A main argument by Antistratfordians is that Shakespeare never experienced court life, served in the military, or traveled overseas to the settings for his plays. There is no record of him attending a university to learn history, philosophy, and classical literature. So how did he write about them?
Old-fashioned research, Bach says. The sources for almost all of Shakespeare’s plays are known; in fact, scholars have traced some of the language in the history plays back to historical chronicles from his era. Besides, Bach says, “if writers had to directly experience everything they write about, that would eliminate the fields of science fiction and fantasy literature.”

Act III

Antistratfordians also find the scarcity of Shakespeare’s biographical information to be suspicious. His name appears in only a handful of legal documents and a few vague references by his contemporaries.

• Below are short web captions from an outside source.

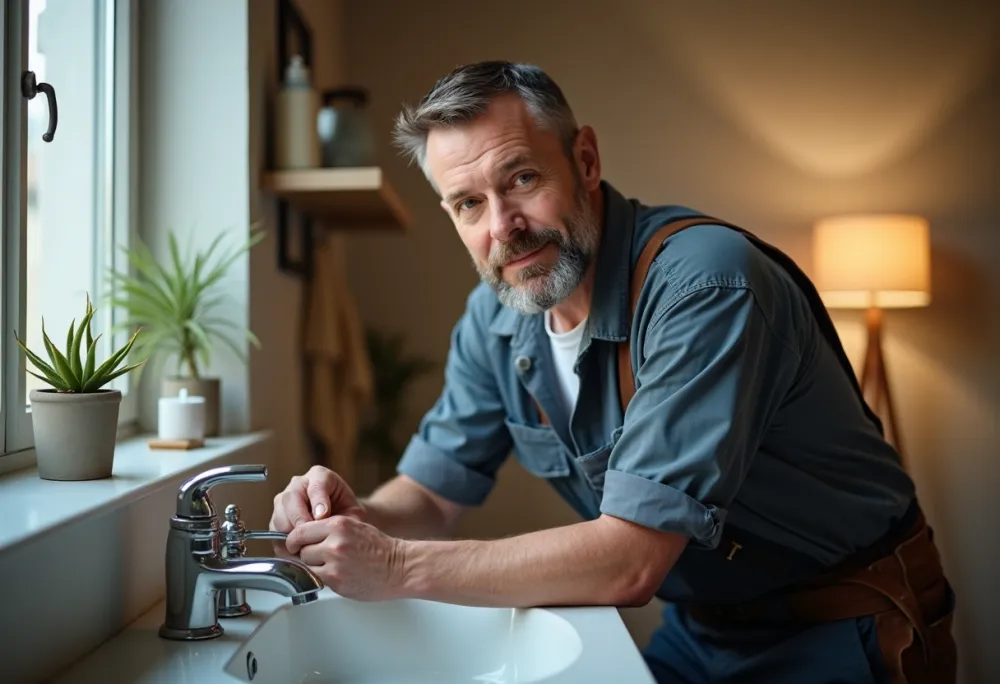 24/7 Emergency Plumbing Services in Strawberry Valley, California — Plumber California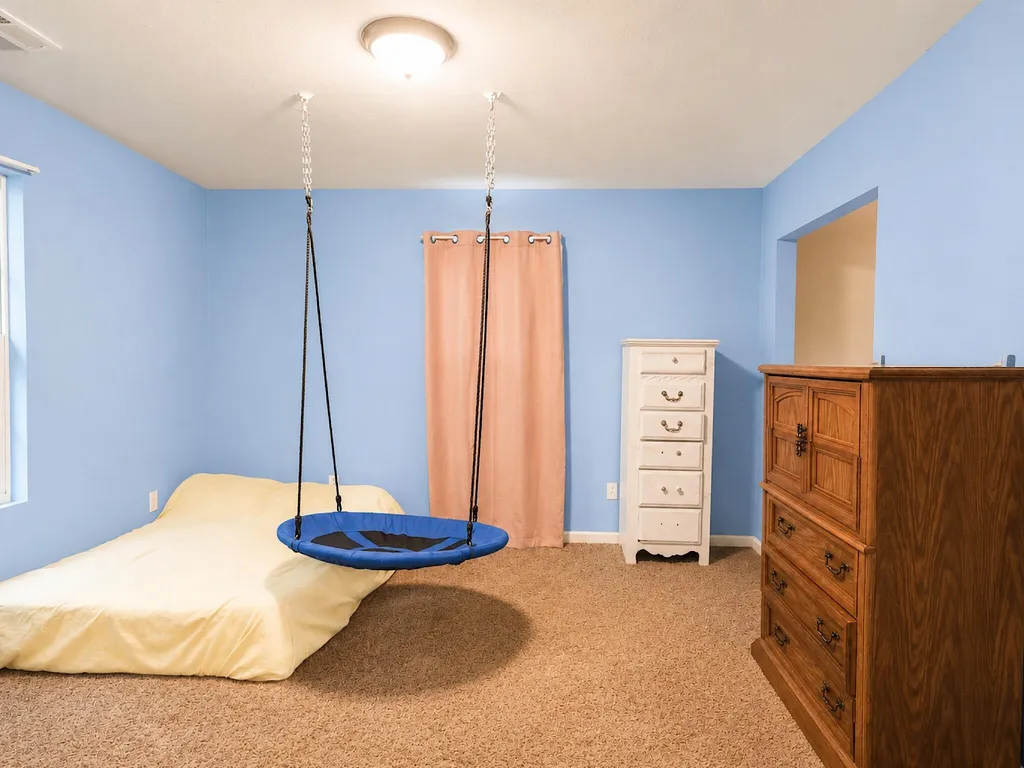 569 Ashley Lane Dayton TN 37321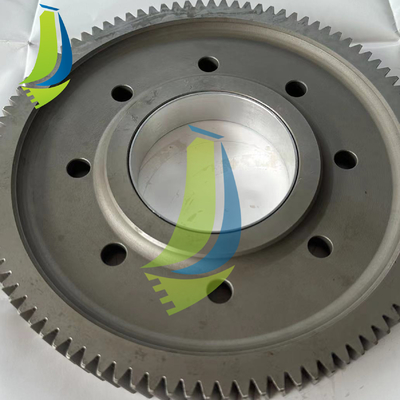 8170197 Idler Gear D12 Engine For EC360B Excavator
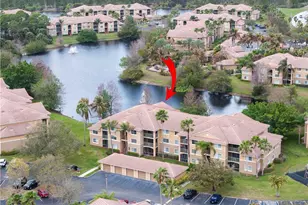 3674 NW Adriatic Ln, Jensen Beach, FL 34957 - Photo 2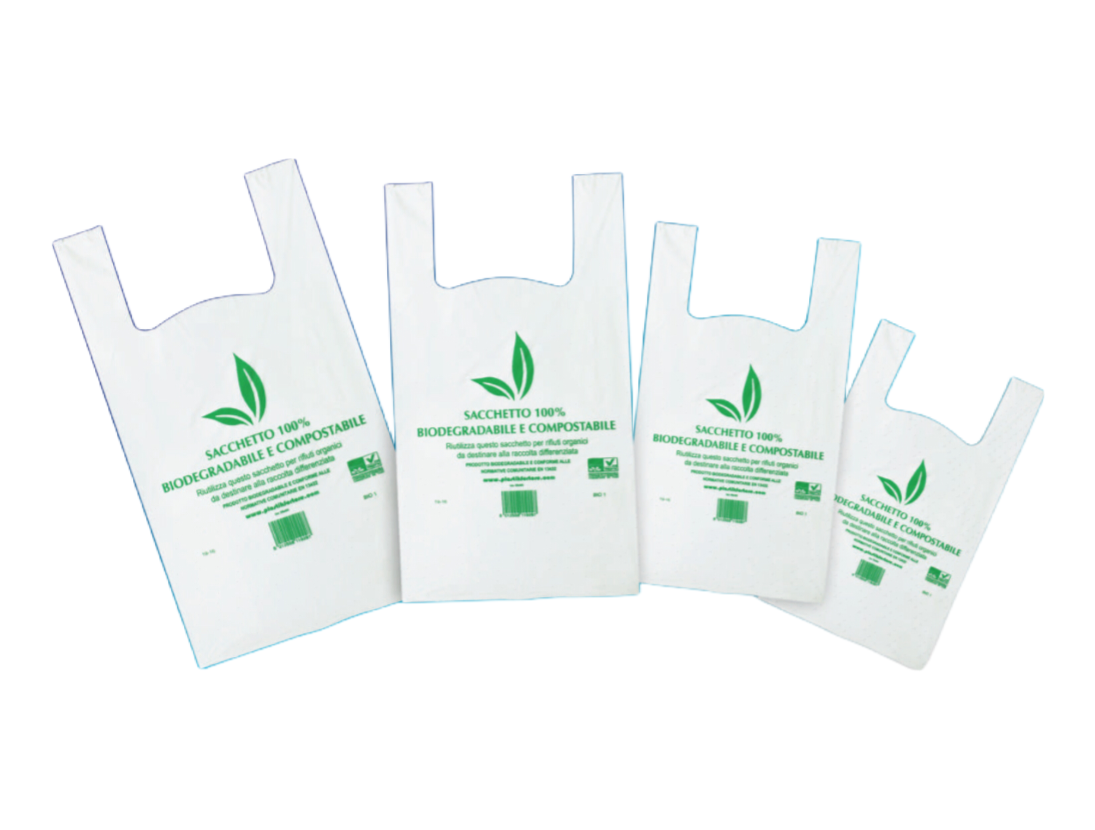 Buste Spedizione Buste Per Spedizioni Compostabili 50 Pezzi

But Bach explains, “most writers in the English Renaissance are a mystery, because history was not written to record the deeds of people who were not nobility. There was no blogosphere—nothing gave day-to-day information about normal people.” She adds, “There is plenty of proof to support that Shakespeare was a man in England who wrote plays and poetry under his name, and he was an actor, and his literary reputation grew over his lifetime.”